■ **WHAT YOU ARE ASKED TO DO**
Reproduce, exactly and in full, only the lines below from the one containing "Key icon. Lock" through the one containing "AR Orthopedics Basal".

SOURCE DATA START

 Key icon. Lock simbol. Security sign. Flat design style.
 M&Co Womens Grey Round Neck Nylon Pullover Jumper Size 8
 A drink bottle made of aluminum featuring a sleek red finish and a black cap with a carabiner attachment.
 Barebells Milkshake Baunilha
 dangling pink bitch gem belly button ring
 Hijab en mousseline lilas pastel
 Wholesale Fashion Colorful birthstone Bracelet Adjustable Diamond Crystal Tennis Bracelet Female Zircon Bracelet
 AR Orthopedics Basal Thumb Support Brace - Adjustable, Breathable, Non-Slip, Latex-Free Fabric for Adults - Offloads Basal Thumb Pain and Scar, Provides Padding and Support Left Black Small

SOURCE DATA END
SOURCE DATA START

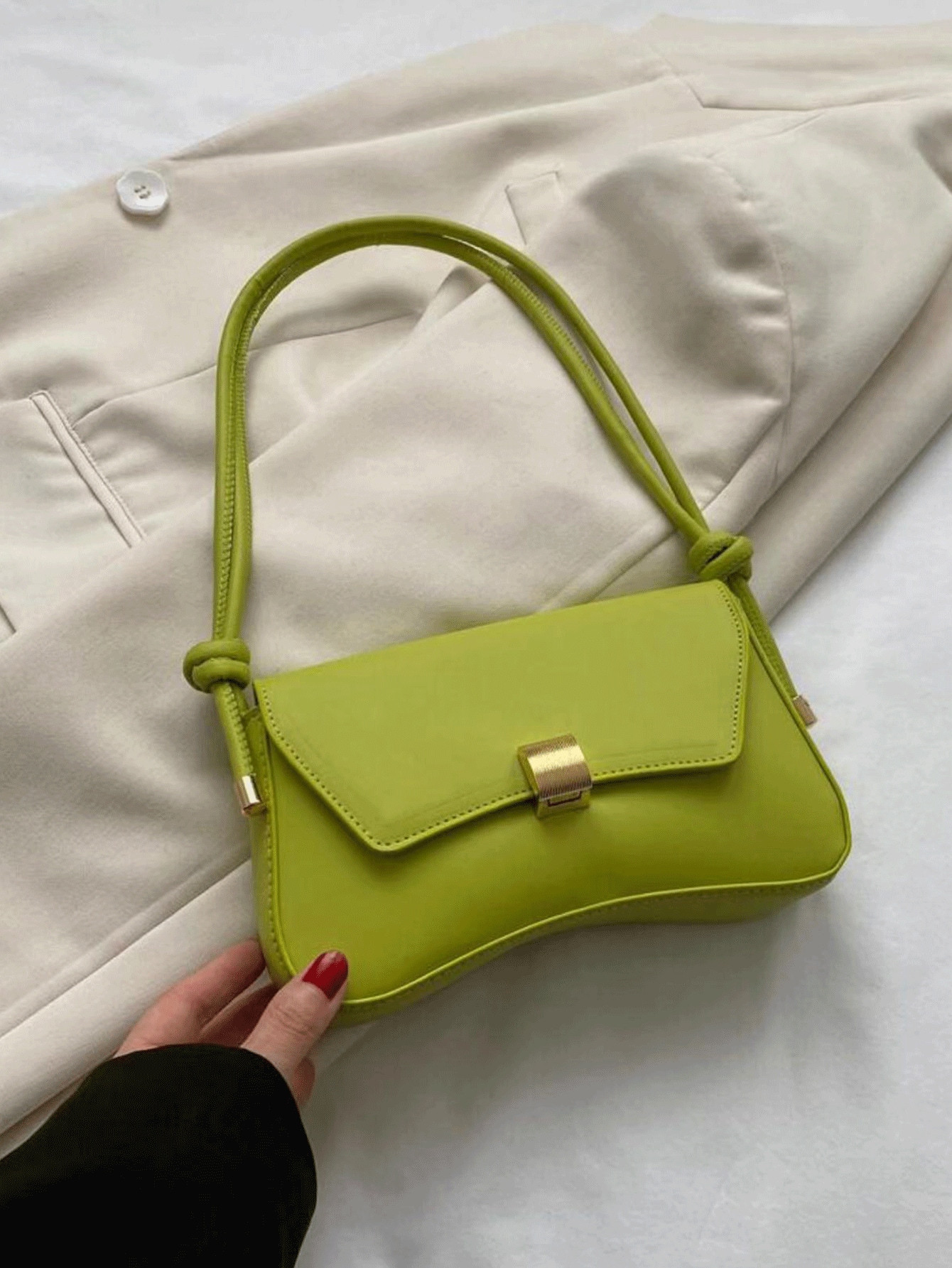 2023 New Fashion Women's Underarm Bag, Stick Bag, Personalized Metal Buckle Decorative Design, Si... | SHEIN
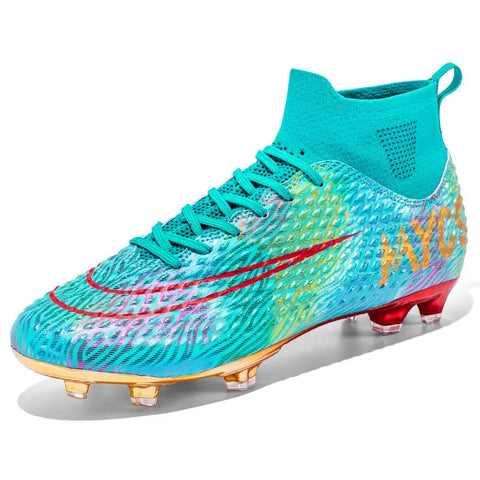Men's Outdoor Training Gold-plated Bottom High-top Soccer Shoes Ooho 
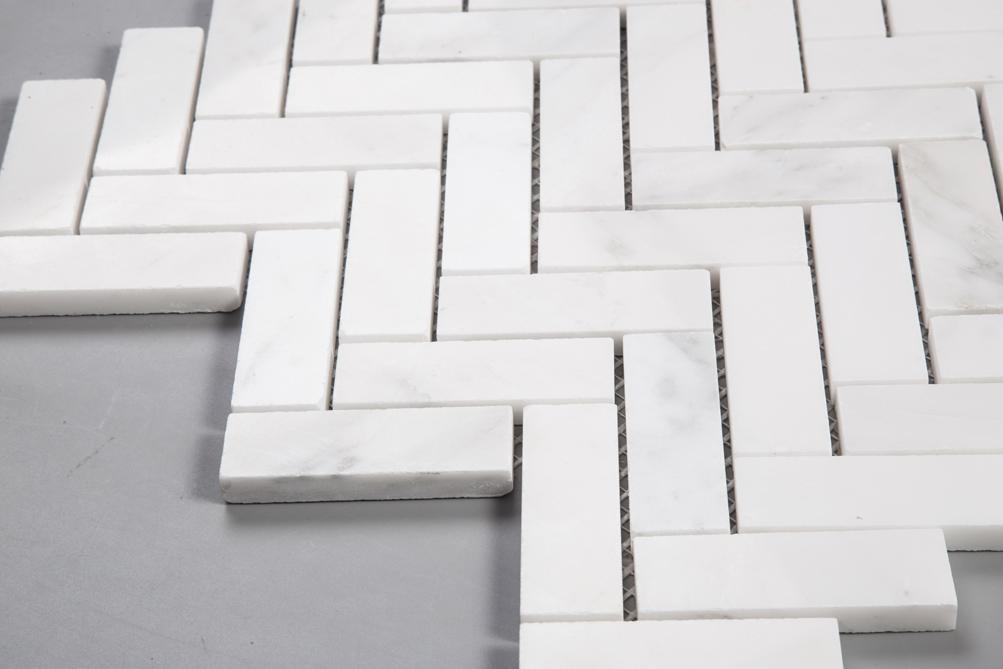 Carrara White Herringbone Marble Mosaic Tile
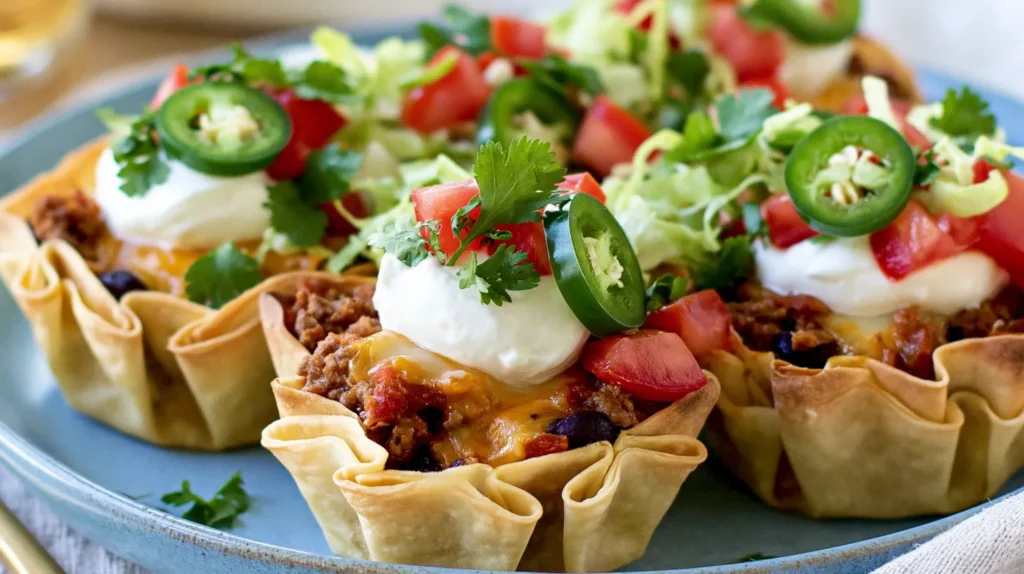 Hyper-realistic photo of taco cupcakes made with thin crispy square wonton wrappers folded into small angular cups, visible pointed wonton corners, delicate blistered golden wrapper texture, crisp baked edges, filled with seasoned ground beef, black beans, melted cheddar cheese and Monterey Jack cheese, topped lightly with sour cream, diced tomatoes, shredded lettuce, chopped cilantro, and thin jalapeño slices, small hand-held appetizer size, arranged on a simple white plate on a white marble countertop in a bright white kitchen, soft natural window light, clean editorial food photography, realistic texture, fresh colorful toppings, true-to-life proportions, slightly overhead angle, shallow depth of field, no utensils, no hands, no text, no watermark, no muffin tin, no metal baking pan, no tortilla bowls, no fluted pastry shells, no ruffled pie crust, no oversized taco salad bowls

SOURCE DATA END

■ **TASK RESULT**
 Key icon. Lock simbol. Security sign. Flat design style.
 M&Co Womens Grey Round Neck Nylon Pullover Jumper Size 8
 A drink bottle made of aluminum featuring a sleek red finish and a black cap with a carabiner attachment.
 Barebells Milkshake Baunilha
 dangling pink bitch gem belly button ring
 Hijab en mousseline lilas pastel
 Wholesale Fashion Colorful birthstone Bracelet Adjustable Diamond Crystal Tennis Bracelet Female Zircon Bracelet
 AR Orthopedics Basal Thumb Support Brace - Adjustable, Breathable, Non-Slip, Latex-Free Fabric for Adults - Offloads Basal Thumb Pain and Scar, Provides Padding and Support Left Black Small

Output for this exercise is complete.